_Data for analysis_
╭──

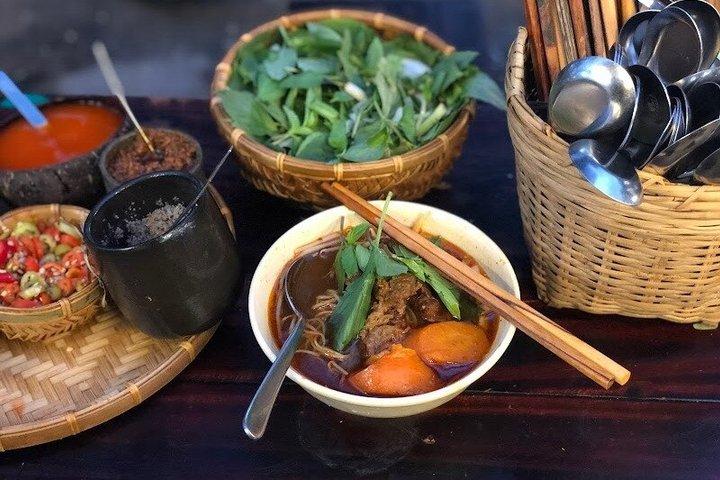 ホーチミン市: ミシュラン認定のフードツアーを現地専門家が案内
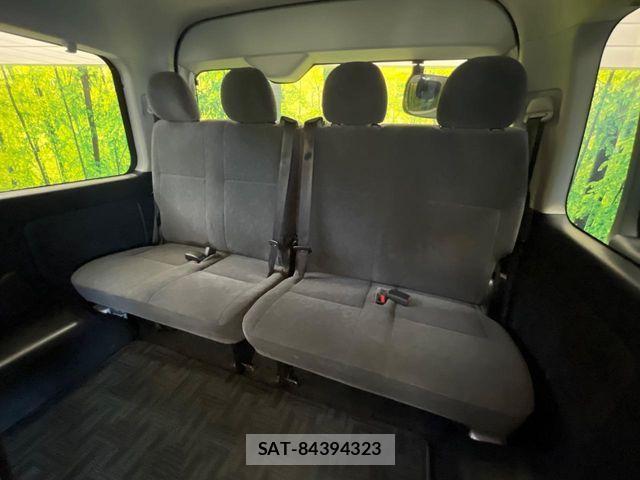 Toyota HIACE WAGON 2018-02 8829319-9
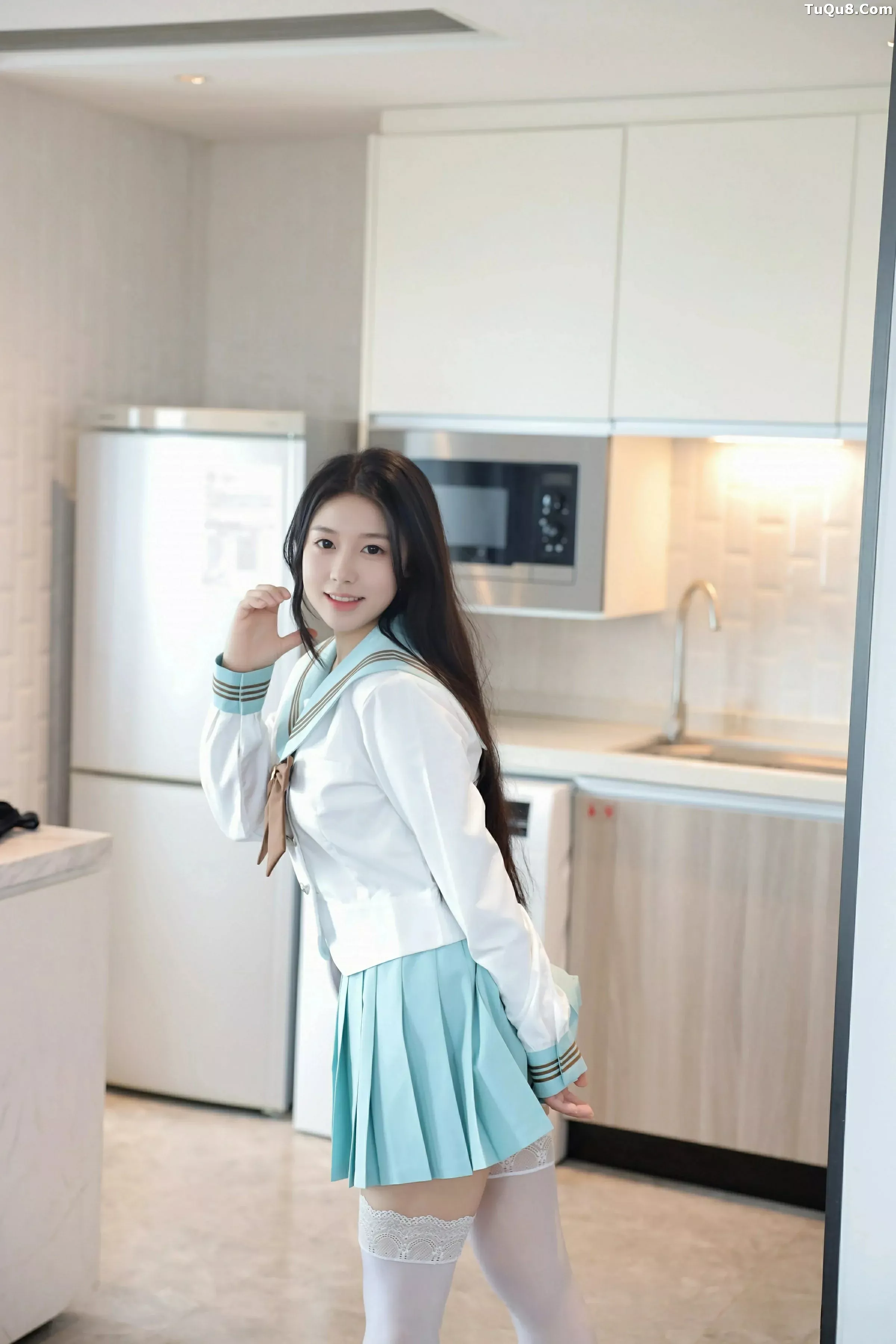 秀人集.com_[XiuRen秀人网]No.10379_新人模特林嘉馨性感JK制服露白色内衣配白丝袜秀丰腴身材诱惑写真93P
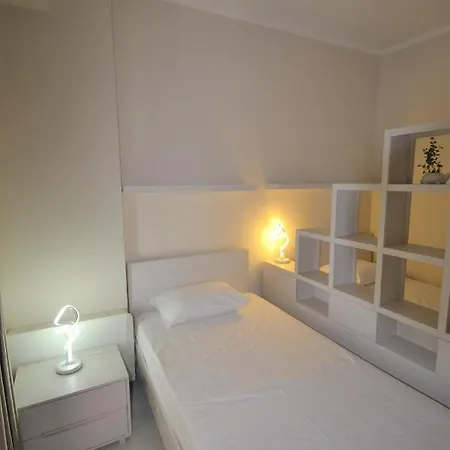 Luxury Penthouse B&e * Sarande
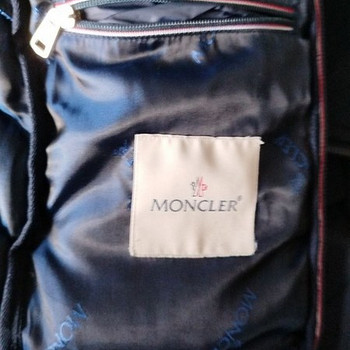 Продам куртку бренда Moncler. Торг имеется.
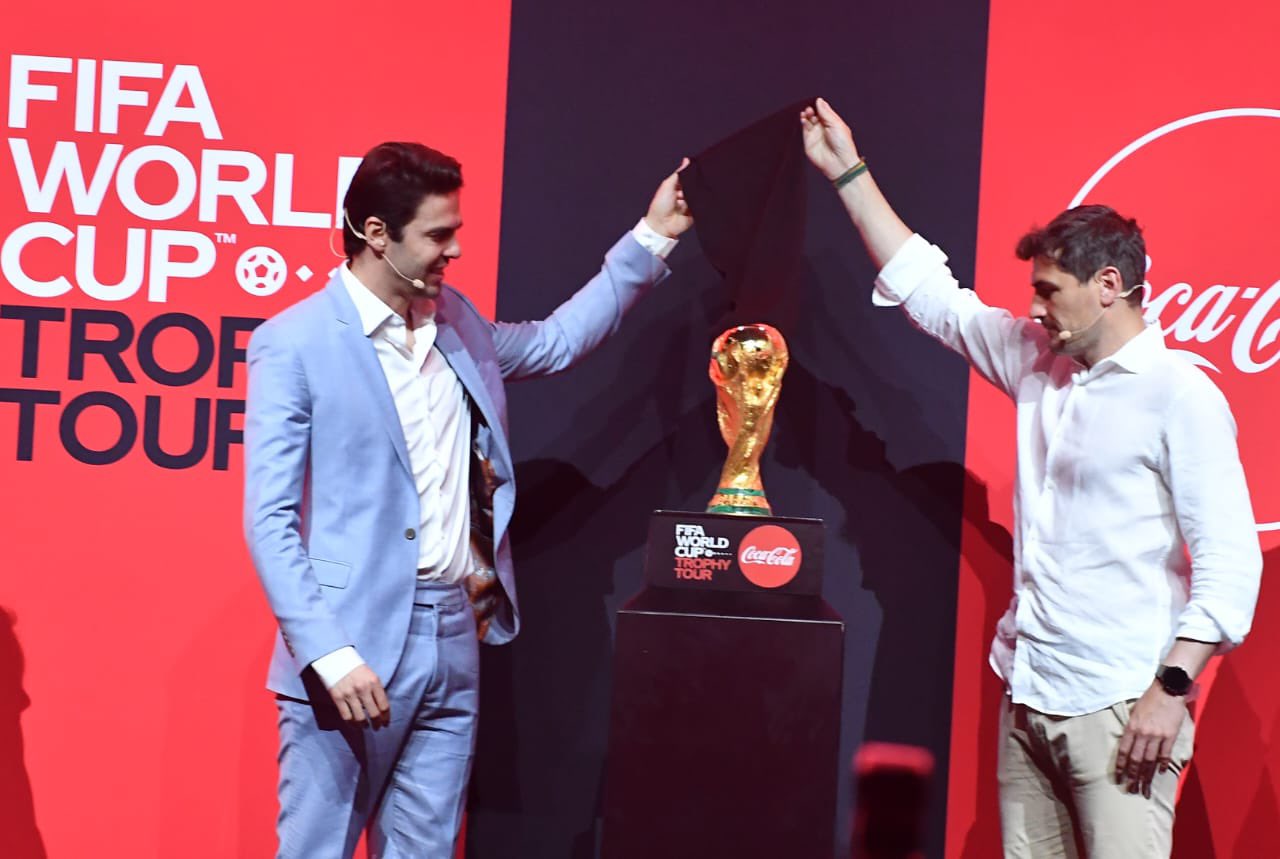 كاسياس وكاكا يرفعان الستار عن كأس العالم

╰──
╭──

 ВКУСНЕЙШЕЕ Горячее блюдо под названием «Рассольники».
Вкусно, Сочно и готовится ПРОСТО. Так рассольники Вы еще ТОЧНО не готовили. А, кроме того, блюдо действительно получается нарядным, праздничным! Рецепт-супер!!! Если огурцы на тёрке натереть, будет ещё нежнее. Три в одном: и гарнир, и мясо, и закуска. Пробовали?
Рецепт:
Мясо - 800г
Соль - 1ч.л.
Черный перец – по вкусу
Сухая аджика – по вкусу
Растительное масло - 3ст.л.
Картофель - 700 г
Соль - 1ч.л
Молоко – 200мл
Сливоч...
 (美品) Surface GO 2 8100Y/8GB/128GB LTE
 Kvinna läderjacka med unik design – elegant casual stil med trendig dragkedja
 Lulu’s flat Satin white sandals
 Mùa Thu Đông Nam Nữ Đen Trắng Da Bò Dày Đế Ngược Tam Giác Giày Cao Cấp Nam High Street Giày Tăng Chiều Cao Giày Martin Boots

╰──
╭──

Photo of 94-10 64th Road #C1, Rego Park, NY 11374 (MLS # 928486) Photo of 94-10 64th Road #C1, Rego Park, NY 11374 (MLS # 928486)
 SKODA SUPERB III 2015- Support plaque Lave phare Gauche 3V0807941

╰──

_Work request_
Only one stretch of the listing is wanted: the lines starting at the one with "ホーチミン市: ミシュラン認定のフードツアーを現地専門家が案内" and ending at the one with "كاسياس وكاكا يرفعان الستار عن كأس العالم", copied exactly and free of pictures.

_Answer section_
 ホーチミン市: ミシュラン認定のフードツアーを現地専門家が案内
 Toyota HIACE WAGON 2018-02 8829319-9
 秀人集.com_[XiuRen秀人网]No.10379_新人模特林嘉馨性感JK制服露白色内衣配白丝袜秀丰腴身材诱惑写真93P
 Luxury Penthouse B&e * Sarande
 Продам куртку бренда Moncler. Торг имеется.
 كاسياس وكاكا يرفعان الستار عن كأس العالم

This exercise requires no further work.